The fire behind him slowed and Lebreau swore under her breath. Maqui fired the first round but couldn't say if it hit with the thing so far.
"We'll need something a lot bigger for that," Gadot said, breathless.
"Gotcha!" Yuj jumped from the battlement and Lebreau shouted after him.
Maqui shouldered his gun and primed his AMP rings. "He's right," he said before leaping off the castle's stone edge.
Wind pummeled his face and stomach before he triggered a cushion of anti-gravity and fell into its gentle take.
The electric bubble faded as quickly as it appeared and Maqui took off to get a closer angle. They needed to find the weakness on this monstrosity before they could hope to take it down with only the four of them. The horde was bad enough on its own.
Another shriek sounded and it rattled his eardrums. A tendril-like leg burst free of the forest and landed on a swarm of fly-monsters.
Maqui froze as the thing's "head" emerged, full of eyes all in the wrong places and a half-formed mouth that barely covered its black-slick teeth. The limbs were hardly better with their melting flesh and twisted muscle. It crawled like a headless, spasming spider through the shaking ground and forest.
He moved, almost numb, out of the way of another leg that staked itself through the dirt almost within arm's reach. He moved by autopilot and angled his double-barrel to point at the thing's underside. He fired off five good shots before the thing finally hesitated and gave an almost-curious squeal.
"Maqui!"
Yuj's half-scream of terror knocked him free of the shock in time for to feel something slam into him and send him flying.
The world spun. He crumpled against the ground. His hip crunched from a bad roll and—
Arms felt backwards. Something didn't sit right in his chest. Breath gurgled through his throat.
Someone groaned beside him, a deep and gravelly sound. Maqui couldn't turn enough to see them. The AMP rings on his fingers felt stupidly intact and unused.
The other person grunted, and a big foot nudged him in the side. "You ain't dead yet, are you?"
The voice filled him with a sickly feeling.
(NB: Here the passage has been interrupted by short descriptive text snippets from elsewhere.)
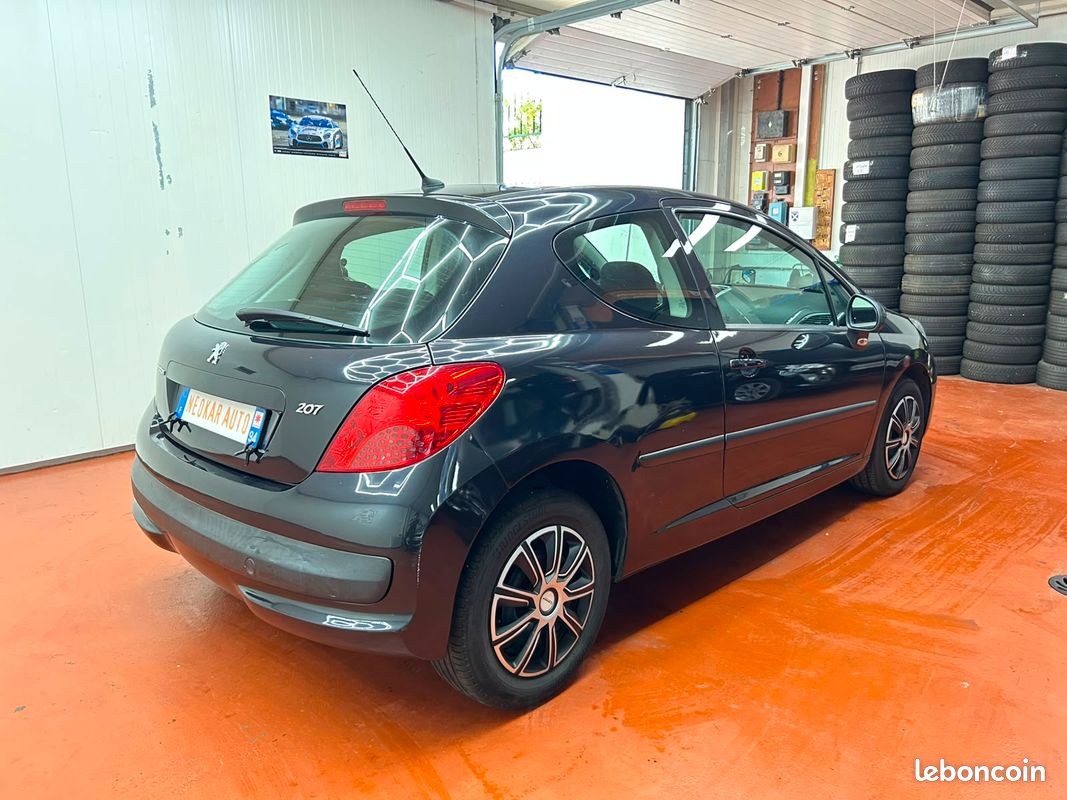 Peugeot 207 1.4, 16V, 90CH, PANORAMIQUE (image 4)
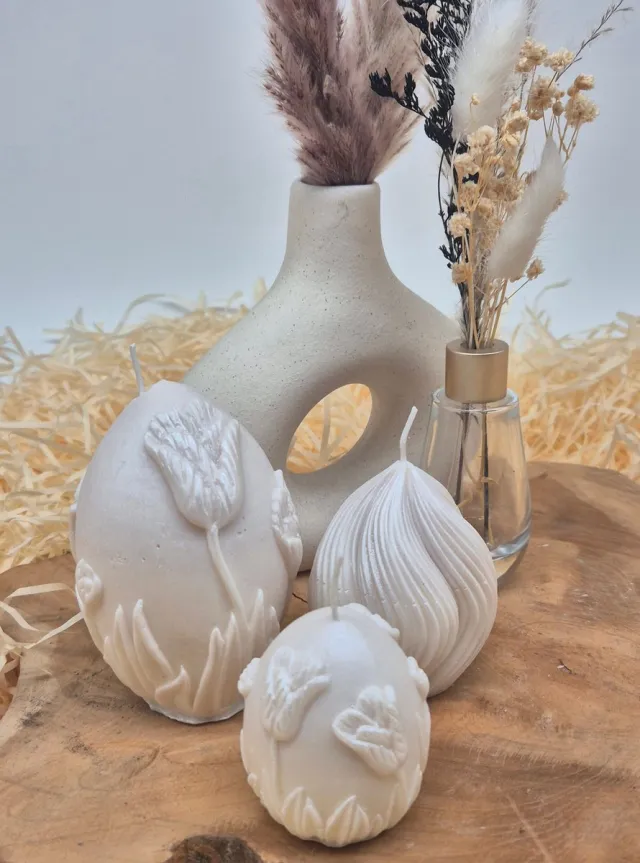 Kaarsgeschenk Harmony of tulips - Kaarsen set - Kaars decoratie - Cadeau - Figuurkaarsen - Geschenk - Luxe kaars Beige - wit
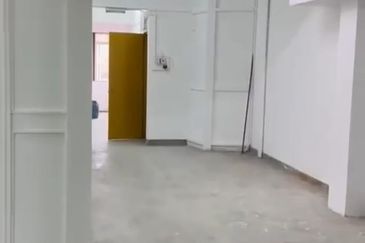 Jalan Ipoh KL , 1st floor shop office, renovated with partition room 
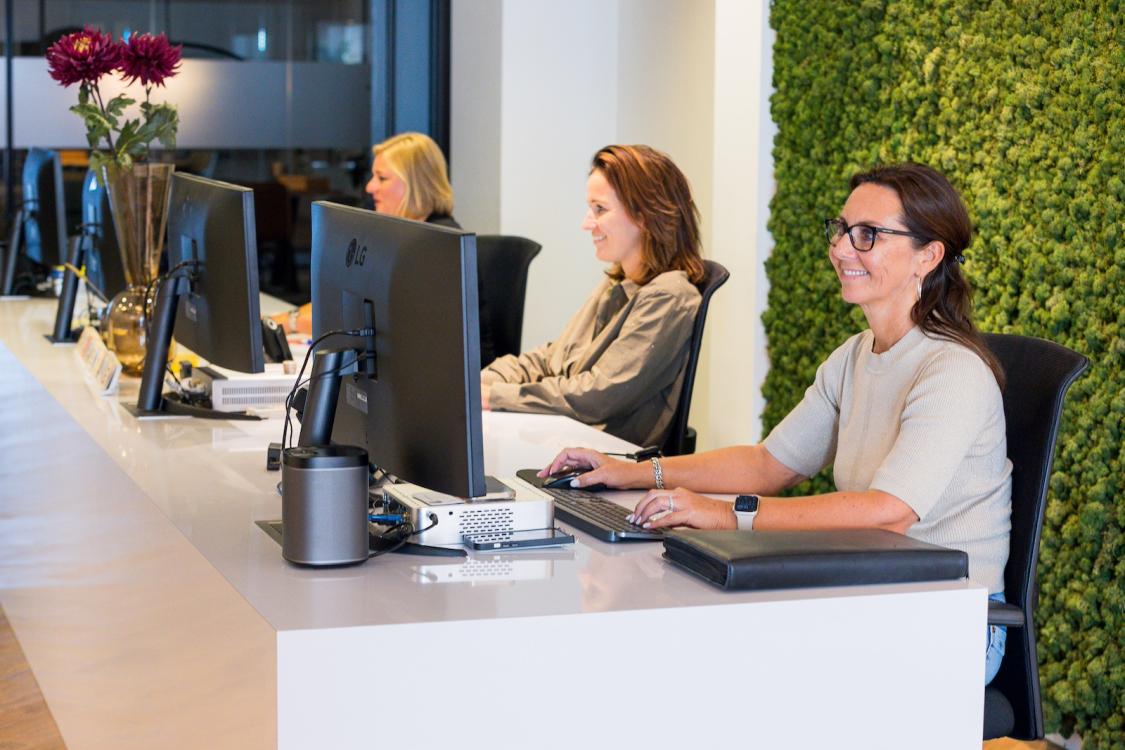 HypothekenUnie dames aan het werk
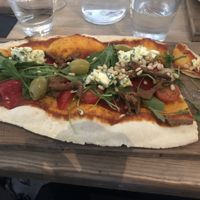 Vegan feta & chanterelle pizza. Yeah yeah I was a greedy... at Tintå in Turku
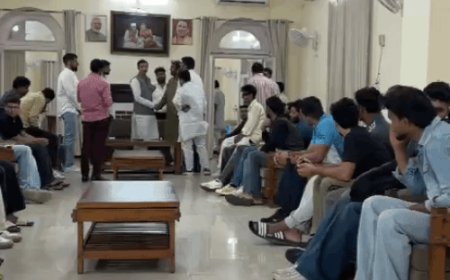 मेरठ में Gen Z से मिले रालोद प्रदेश अध्यक्ष- एशवर्या:खेल और रोजगार के मुद्दों पर हुई बात बोले- युवाओं के मुद्दों पर गंभीर है पार्टी
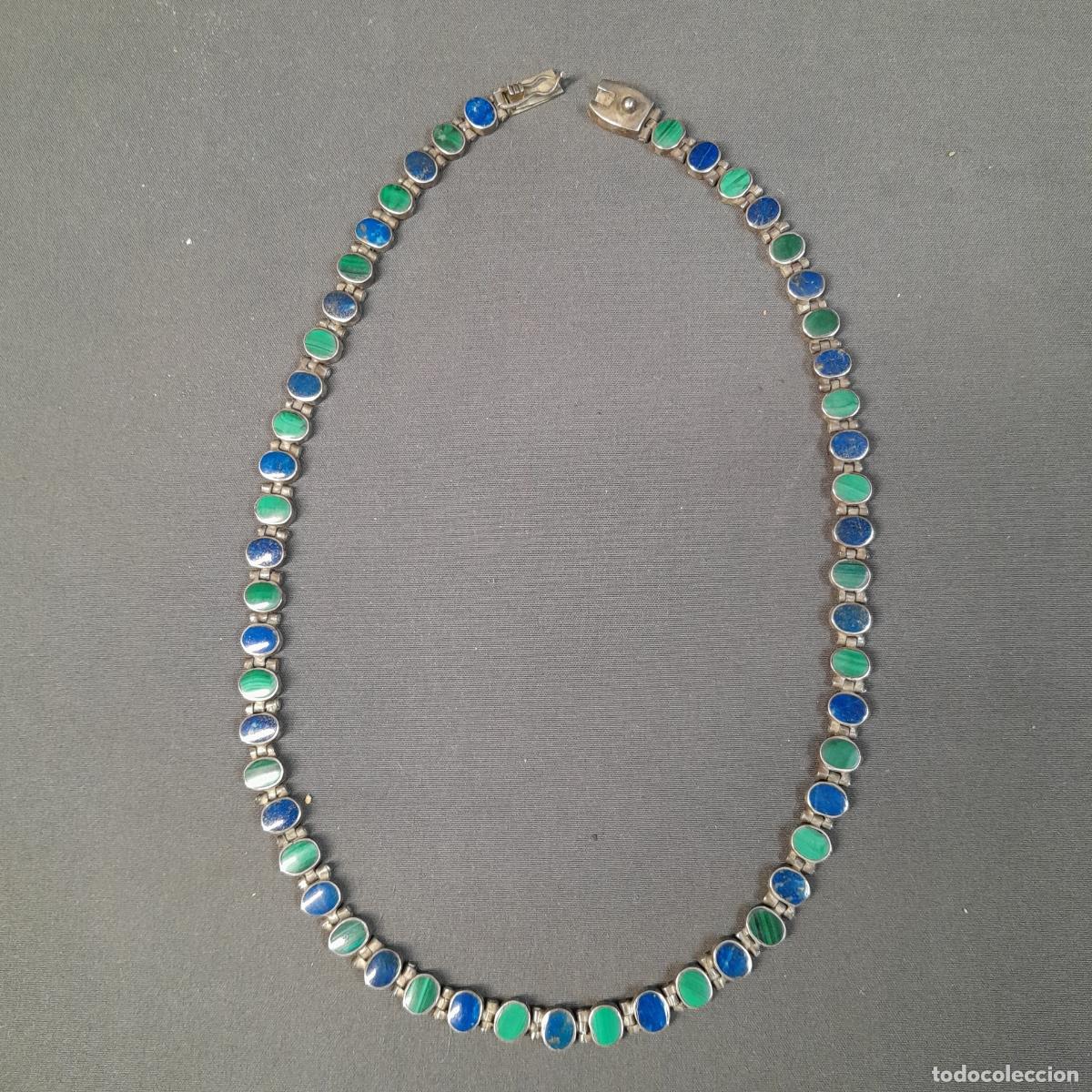 Joyeria: J-4413. COLLAR DE PLATA 925 CON ENGASTES DE MALAQUITA Y LAPISL&Aacute;ZULI. 1970 CA.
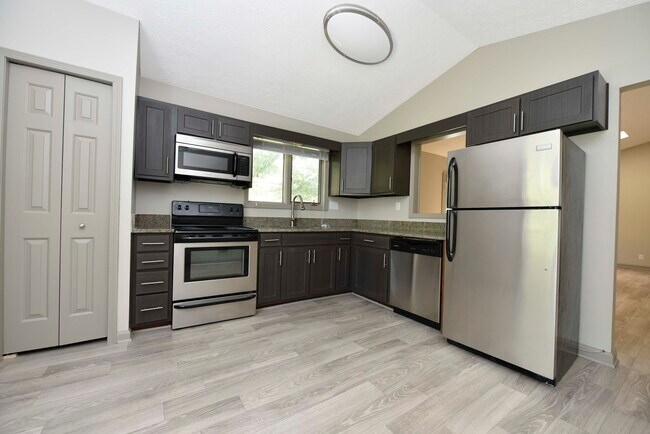 Building Photo - The Heritage by Fairlawn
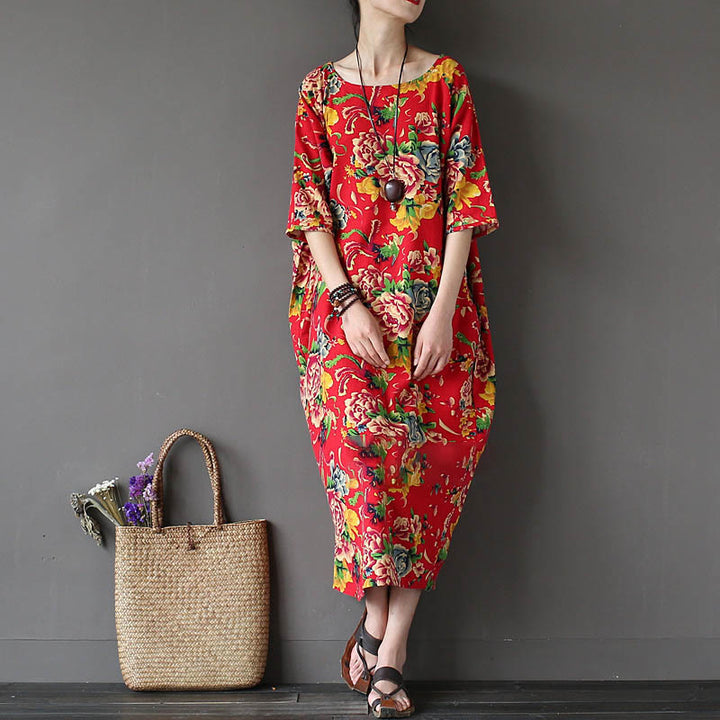 Abito midi stampato con fiori di peonia rossa Buddha Stones, abito in cotone e lino a mezza manica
Maqui struggled to speak, but managed a raspy, "Amarant. How."
Pounding footsteps and Yuj dropped to Maqui's side, whispering a rapid chant. Despite the foreign words, Yuj's voice was familiar. But Amarant was there.
"Don't," Maqui said. Don't hurt him. Don't kill him. The words didn't make it past the blood in his lungs.
A grunt and Amarant thundered off. Dark blood flew above him. Gunfire filled the air. Lebreau and Gadot shouted afar off. Gadot asked Yuj for an update. Yuj said something, but it swam in Maqui's ears. When Yuj resumed chanting, that did too.
Somehow, he found one of Yuj's hands. He held on to it as long as he had strength.